Assigned task: Everything from the line containing "Les actualités en" through the line containing "Howell, MILWAUKEE, WI 53207" should be repeated exactly, and nothing else from the data.

Material to process:
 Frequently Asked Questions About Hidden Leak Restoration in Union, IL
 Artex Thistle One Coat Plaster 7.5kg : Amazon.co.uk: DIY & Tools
* * *
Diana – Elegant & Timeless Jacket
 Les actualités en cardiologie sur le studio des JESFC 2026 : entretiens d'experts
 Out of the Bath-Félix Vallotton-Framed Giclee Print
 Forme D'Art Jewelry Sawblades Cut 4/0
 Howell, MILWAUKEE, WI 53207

Solution:
 Les actualités en cardiologie sur le studio des JESFC 2026 : entretiens d'experts
 Out of the Bath-Félix Vallotton-Framed Giclee Print
 Forme D'Art Jewelry Sawblades Cut 4/0
 Howell, MILWAUKEE, WI 53207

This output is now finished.